FRANC CFA Celui qui sait est-il comparable à celui qui ne sait pas ? Dr Lamine KEITA




I. Problématique

Au niveau individuel, si celui qui sait n’est pas comparable à celui qui ne sait pas, qu’en est-il pour une science qui ne sait pas sur quoi elle porte, ignorant de surcroît jusqu’à l’existence de la mesure qu’elle produit pourtant ?

En effet, nous avons vu dans un article précédent, que des suites d’une faiblesse méthodologique, les économistes n’auront su définir exactement ni l’objet de leur discipline, ni l’instrument de mesure de la discipline, encore moins le résultat de la mesure.

 

II. De l’importance de la méthode et de l’instrument de mesure

Nous avons vu également comment une telle situation aura fini de plonger la discipline économique dans un flou général qui les maintient dans l’idée absurde éloquemment décrite par C. SCHMIDT[1] , selon lequel « le domaine de l’économie est habité naturellement par des quantités et des prix et qu’il se prête d’emblée par conséquent au dénombrement sauvage et à la quantification naïve».

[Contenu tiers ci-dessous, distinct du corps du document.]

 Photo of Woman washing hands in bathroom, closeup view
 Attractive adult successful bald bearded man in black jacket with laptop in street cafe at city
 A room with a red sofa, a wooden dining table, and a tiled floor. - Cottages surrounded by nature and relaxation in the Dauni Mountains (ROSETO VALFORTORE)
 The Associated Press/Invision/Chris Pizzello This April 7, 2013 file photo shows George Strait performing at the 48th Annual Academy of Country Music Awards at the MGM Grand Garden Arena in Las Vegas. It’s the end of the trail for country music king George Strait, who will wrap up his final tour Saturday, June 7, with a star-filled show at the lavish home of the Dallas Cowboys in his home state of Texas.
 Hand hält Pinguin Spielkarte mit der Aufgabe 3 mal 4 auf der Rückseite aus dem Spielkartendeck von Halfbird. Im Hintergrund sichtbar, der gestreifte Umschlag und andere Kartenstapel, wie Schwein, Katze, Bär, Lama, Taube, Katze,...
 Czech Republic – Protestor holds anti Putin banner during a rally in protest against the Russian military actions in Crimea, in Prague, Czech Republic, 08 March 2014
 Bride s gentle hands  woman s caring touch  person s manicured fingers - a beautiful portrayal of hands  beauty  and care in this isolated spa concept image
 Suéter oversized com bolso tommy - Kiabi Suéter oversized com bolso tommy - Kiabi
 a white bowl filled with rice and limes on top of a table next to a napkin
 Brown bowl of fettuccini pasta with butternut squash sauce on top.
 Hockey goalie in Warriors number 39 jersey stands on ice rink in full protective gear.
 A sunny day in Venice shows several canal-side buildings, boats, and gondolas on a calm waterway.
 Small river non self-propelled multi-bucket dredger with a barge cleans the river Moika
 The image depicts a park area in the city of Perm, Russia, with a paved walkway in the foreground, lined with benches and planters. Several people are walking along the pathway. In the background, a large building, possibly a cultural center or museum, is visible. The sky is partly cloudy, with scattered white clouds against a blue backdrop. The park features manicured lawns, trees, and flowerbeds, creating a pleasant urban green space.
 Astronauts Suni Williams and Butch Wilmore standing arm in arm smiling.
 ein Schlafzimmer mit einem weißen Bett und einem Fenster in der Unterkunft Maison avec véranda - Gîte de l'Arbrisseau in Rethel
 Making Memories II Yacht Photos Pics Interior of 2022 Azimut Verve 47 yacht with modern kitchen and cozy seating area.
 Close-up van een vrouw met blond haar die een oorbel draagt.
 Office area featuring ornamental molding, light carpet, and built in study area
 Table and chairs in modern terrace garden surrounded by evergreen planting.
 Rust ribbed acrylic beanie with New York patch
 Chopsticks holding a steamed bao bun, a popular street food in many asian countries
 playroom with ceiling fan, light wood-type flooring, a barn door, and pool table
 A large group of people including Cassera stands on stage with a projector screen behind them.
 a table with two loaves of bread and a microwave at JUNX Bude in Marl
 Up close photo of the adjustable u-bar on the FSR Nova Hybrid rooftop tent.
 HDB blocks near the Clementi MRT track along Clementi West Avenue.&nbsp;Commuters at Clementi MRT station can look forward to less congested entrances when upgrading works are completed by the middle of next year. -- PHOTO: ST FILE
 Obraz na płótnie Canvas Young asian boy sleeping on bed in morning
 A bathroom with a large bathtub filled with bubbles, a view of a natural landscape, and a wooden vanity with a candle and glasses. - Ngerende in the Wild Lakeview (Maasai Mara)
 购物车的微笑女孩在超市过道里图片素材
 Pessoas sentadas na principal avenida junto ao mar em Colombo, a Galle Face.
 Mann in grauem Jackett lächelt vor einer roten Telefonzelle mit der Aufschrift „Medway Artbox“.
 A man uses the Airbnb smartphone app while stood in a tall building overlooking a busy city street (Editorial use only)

Tout en relevant que la mesure ne saurait être le fait de la nature, nous avons établi que la mesure est plutôt établie par une science mûre, ayant atteint un niveau de développement technique et technologique certain, qui lui permet de concevoir un instrument de validation en son sein, son instrument de mesure.

C’est ainsi que, lorsque deux physiciens sont en conflit au sujet de la température d’un mélange de fluides à des températures différentes, l’usage du thermomètre par toute personne permettra de fournir la température réelle du mélange avec laquelle le meilleur spécialiste devra être conforme, tout en sachant que le résultat fourni par le thermomètre est sans appel. Il reste donc important de comprendre qu’un tel instrument ne peut être produit dans la naturequi saurait mieux s’offrir un rôle que celui de pourvoyeur d’instrument de mesure.

 

III. L’Economie scientifique, comme toute sciencebien constituée

Ainsi, l’Economie scientifique, contrairement à cette économie à laquelle nous sommes pourtant habitués, connait son objet, sait comment mesurer et quoi mesurer et avec quoi.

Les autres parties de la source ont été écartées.